VPN and 802.1x
Port-based user authentication is very useful in a remote-access or teleworker environment. The ability for people to work at home after hours or on weekends can provide a major boost in productivity. However, the ability for people to work from home also has risks because the home network is typically not controlled by the IT staff of the employer. Due to security risks, the IT staff of the employer would like only the employee to access the corporate network, and not the PCs or PDA of that employee’s spouse or kids. For example, the employee’s daughter takes her laptop to college and downloads MP3s. Unfortunately, in this process she also downloads the latest virus in addition to the latest tune from her favorite band. She goes home for the weekend to get her laundry done and uses the wireless network at home to IM with her college friends. In this process, she inadvertently places the virus on the employer’s network through the tunneled connection from the employee’s house that first goes through the employer’s corporate network prior to the Internet.
802.1x authentication can be used to allow only the employee’s laptop to join the VPN connection to the corporate network, while allowing the college student at home to use the Internet through the home network. An 802.1x authenticator is embedded or included in the home router as an IOS feature. In this example, the home router receives information from the 802.1x supplicant on the laptop. The home router, or 802.1x authenticator, sends the authentication request to the authentication server at the corporate network. The authentication server in many Cisco self-defending networks is the Cisco Secure ACS.
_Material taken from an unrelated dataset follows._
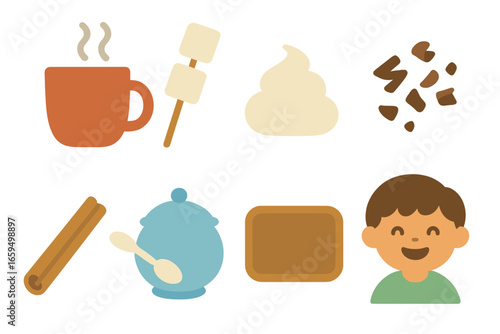 Hot Cocoa Fun. Flat vector mini-illustrations hot cocoa bar setup in colors children's illustrations: steaming mug, marshmallow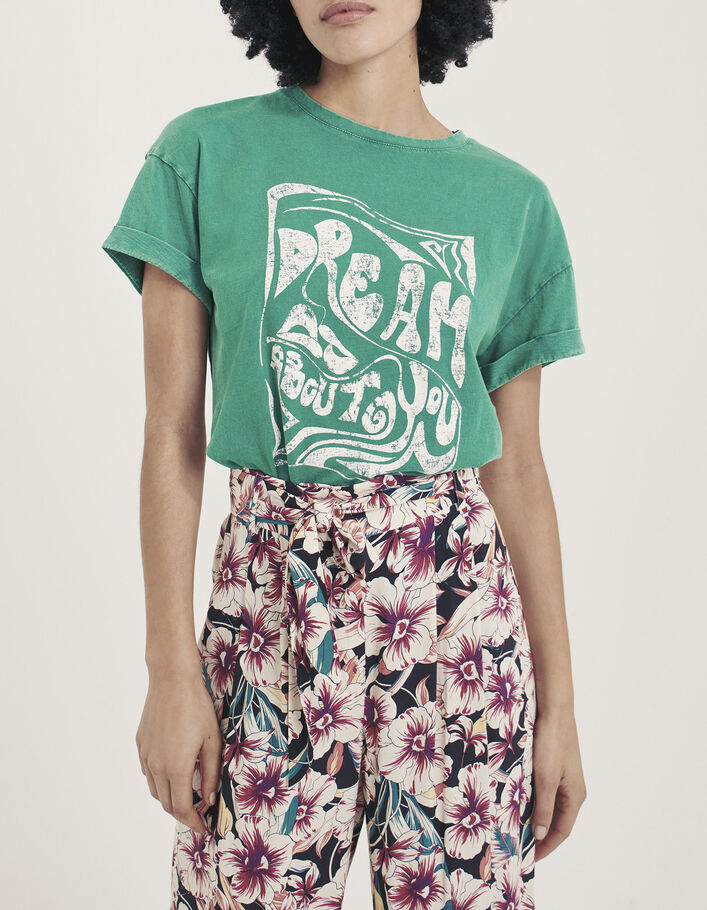 Tee-shirt col rond coton bio vert visuel message femme-1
Figure 5-2 shows an example of a teleworker network with a VPN to the corporate network using 802.1x authentication. In Figure 5-2, the at-home college student can access the Internet through the same home network router that the employee uses to access the corporate network. She does not risk infection to the corporate network because her network traffic goes directly to the Internet rather than going first to the corporate network and then to the Internet.
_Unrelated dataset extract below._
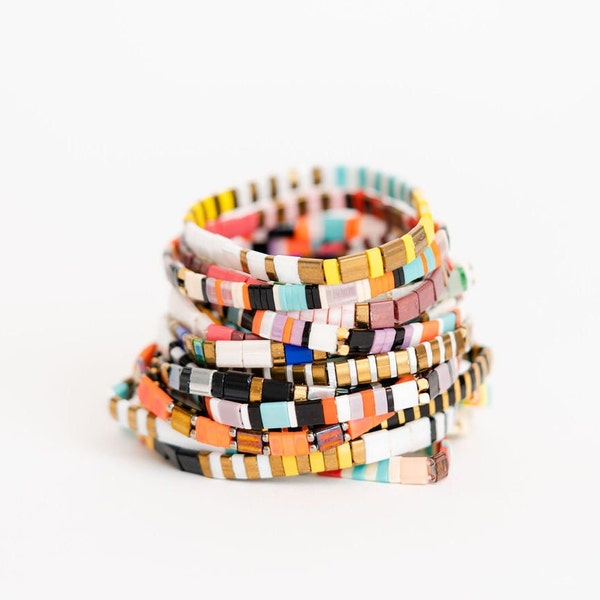 Tila Bracelets • Glass Tile Bracelet •Tila Bracelet • Colorful Squares Bracelet • Summer Jewelry • Beach Bracelet • Stacking Bracelet • Gift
Figure 5-2 Teleworker VPN with 802.1x
This teleworker network supports the ability for the VPN tunnel to remain active between the home network router and the access router at the corporate network. The IT staff at the employer’s network can define an IP pool for valid employee devices that need to connect to the corporate network and a separate IP pool for nonemployee machines. The dual IP pool solution has the advantage that the employee machines can use the corporate DNS server and the nonemployee machines can use the ISP DNS server.